Beneath this task are records; print exactly the stretch of them from the line with "Bateau moteur Rhea Rhea 28 2013 exterieur 6" through the line with "NasDem Sulteng Gelar", both ends included.

GIVEN INFORMATION:
= Beginning of Section =
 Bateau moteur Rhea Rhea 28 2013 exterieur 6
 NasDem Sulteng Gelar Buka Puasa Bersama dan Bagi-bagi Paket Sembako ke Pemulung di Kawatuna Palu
= End of Section =
= Beginning of Section =
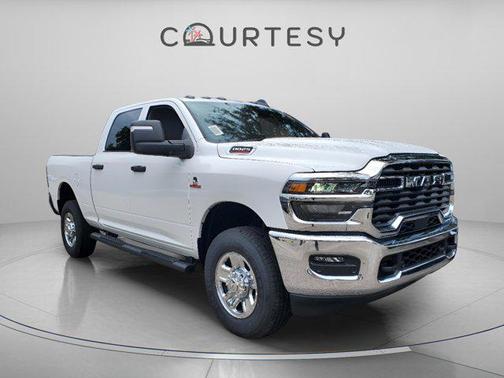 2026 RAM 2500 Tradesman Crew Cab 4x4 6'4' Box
= End of Section =
= Beginning of Section =
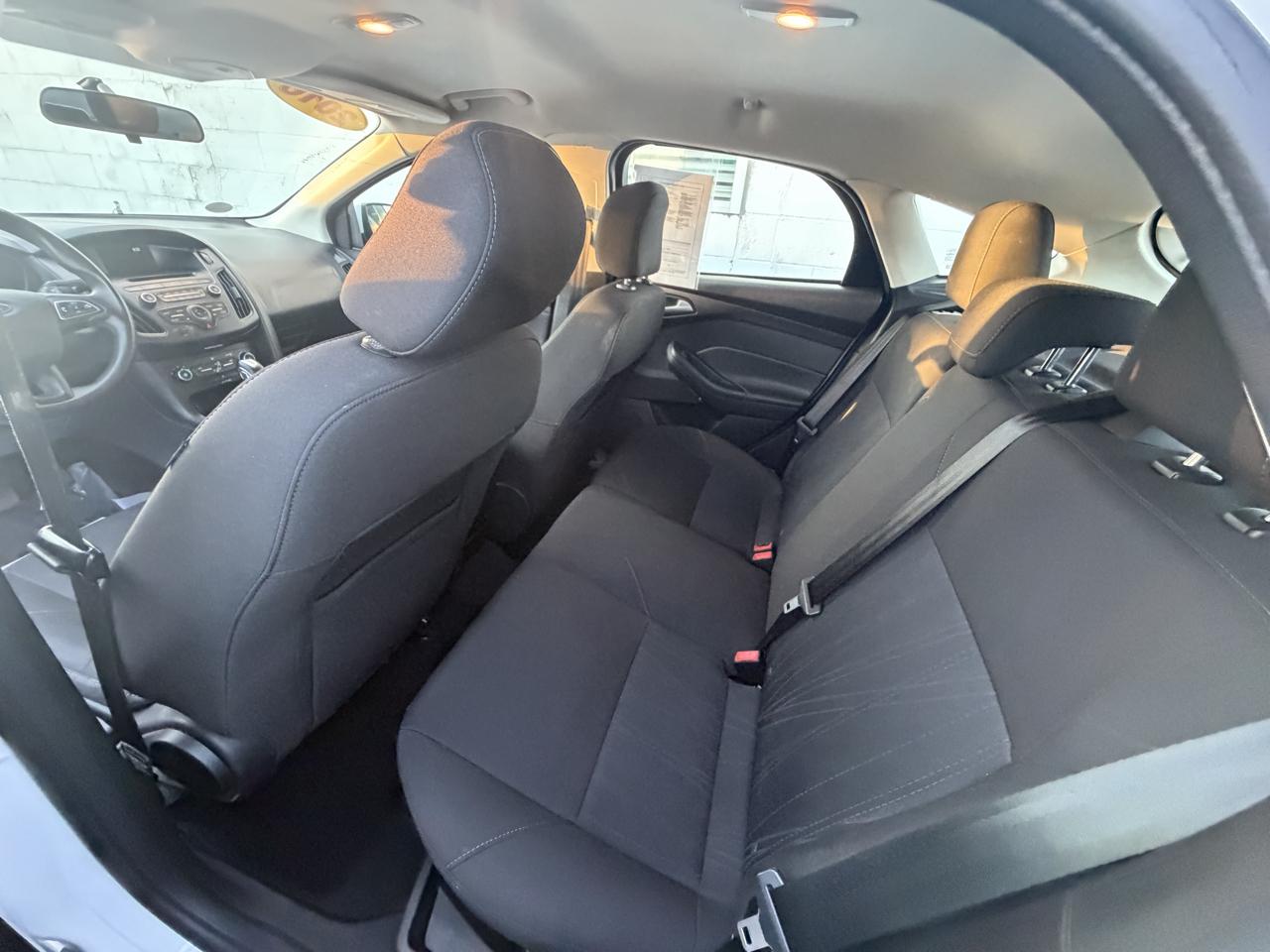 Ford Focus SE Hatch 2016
= End of Section =
RESPONSE:
 Bateau moteur Rhea Rhea 28 2013 exterieur 6
 NasDem Sulteng Gelar Buka Puasa Bersama dan Bagi-bagi Paket Sembako ke Pemulung di Kawatuna Palu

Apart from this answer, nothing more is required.